The travails of the self-obsessed Manhattanite has been a staple of the screen all the way back to a pre-cancelled Woody Allen. The genre now rides again with Fleishman Is in Trouble (Disney+, streaming from Wednesday). Adapted from the 2019 Taffy Brodesser-Akner bestseller about a recently divorced doctor, it stars Jesse Eisenberg as the titular Toby Fleishman. He’s a familiar archetype: a 41-year-old man-child struggling for self-actualisation amid the hell of upper-middle-class life.
But the series is also a sly commentary on male privilege, with Fleishman’s story relayed from the perspective of his old college friend Libby. She’s a magazine journalist turned homemaker watching the world from the unbearable suburban purgatory of middle-class New Jersey. For her, fortysomething life is a tale of quiet disappointment; for Fleishman it’s a twirl of casual dating-app sex and embittered texts to his ex, who vanishes without a trace towards the end of the first episode. Libby doesn’t want to swap places. Still, as Carrie Bradshaw might write, she couldn’t help but wonder which of them was really going through a midlife crisis.
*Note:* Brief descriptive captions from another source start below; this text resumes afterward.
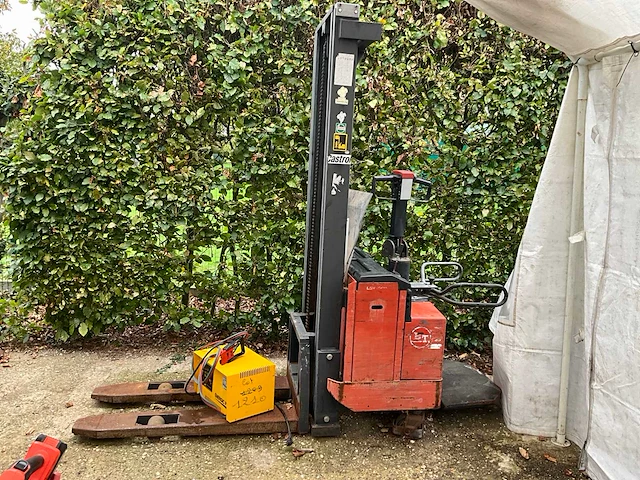 Bt elektrische meeloopstapelaar - afbeelding 6 van  13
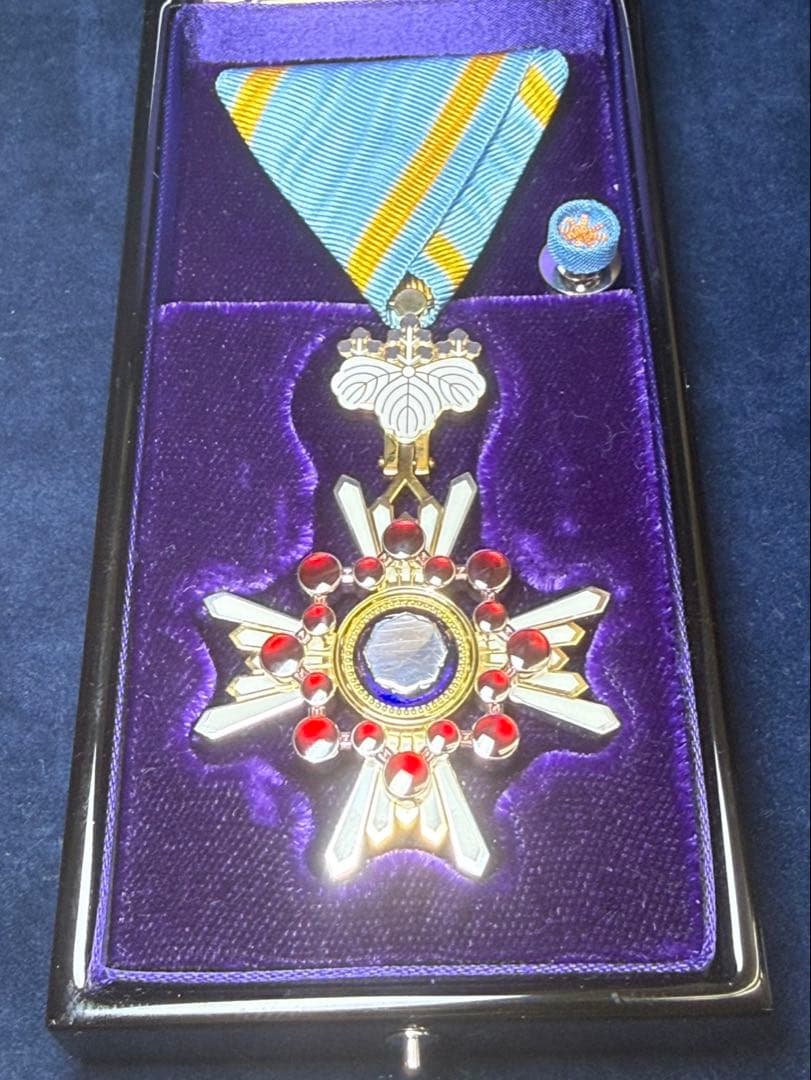 瑞宝双光章 ケース付き 勲章 アンティーク ビンテージ 貴重 希少 骨董品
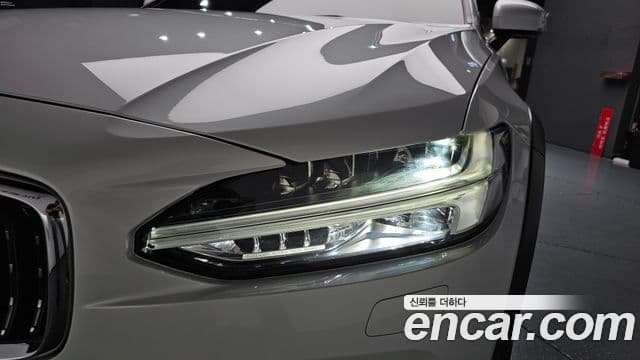 Volvo V90 Cross Country 2021 — ფოტო 24/38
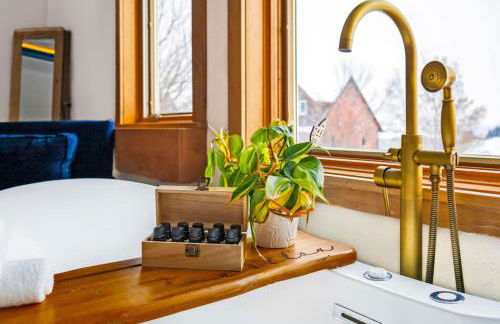 Great Falls Luxe Haven 4BR Gym Office and Hot Tub - Foto 26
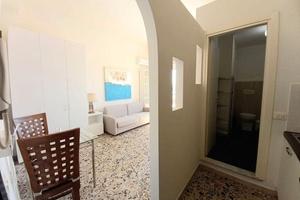 Monolocale vista mare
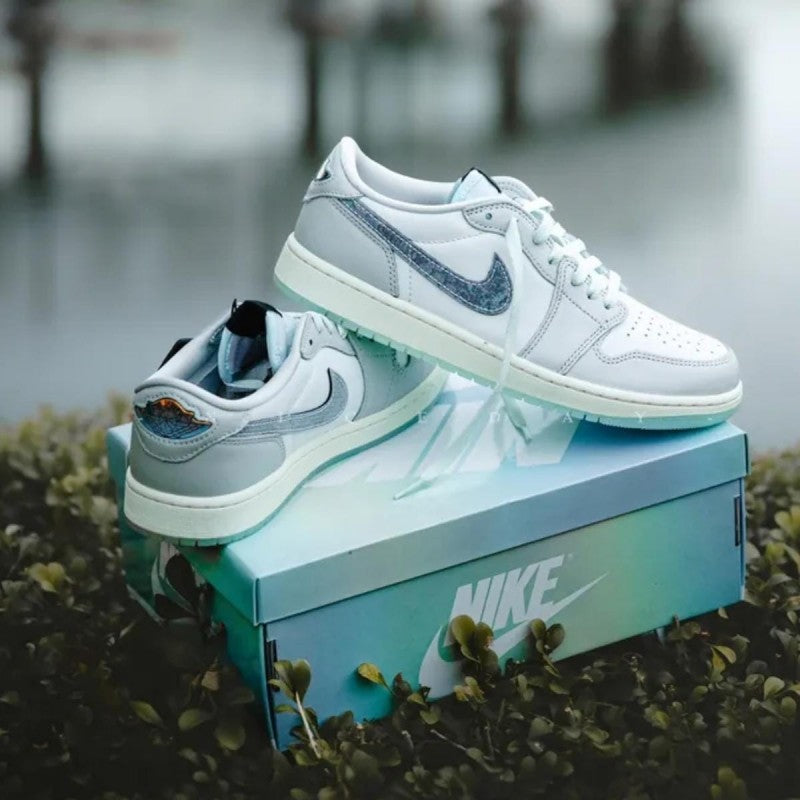 Nik e aj retro 1 year of snake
The idea that men wildly act out their fortysomething breakdowns in front of the world while women suffer theirs off camera is fascinating. Sadly, Fleishman is too busy being tart and quirky to take the time to properly consider the subject. As is the way with the milieu, it is also wildly pleased with itself. Characters serve as mouthpieces for such trite lines as “When we get married we have no way of understanding what forever means.”
As Fleishman, Eisenberg serves up a twist on his familiar shtick as the unravelling man-baby. Claire Danes lands the thankless part of his perpetually grumpy former wife, Rachel. The only sympathetically drawn character is Lizzy Caplan’s Libby (a loose stand in for Brodesser-Akner, whose day job is with the New York Times magazine).
To its credit, Fleishman Is in Trouble reveals previously unhinted-at depths when we flash back to Rachel. She’s a successful Broadway agent with a frosty veneer that is gradually revealed to be hiding a profound depression. Maybe it’s down to Danes’ bone-weary performance, but she is also the one member of the ensemble who feels like a genuine human being.
Just like the novel, Fleishman Is in Trouble will entertain those eager to breathe deep of life in chattering-class Manhattan. Alas, like dinner-party guests who overstay their welcome, the superficial charm quickly loses its lustre. Long before the end you’ll be fed up with these privileged Americans and their fuel-injected narcissism.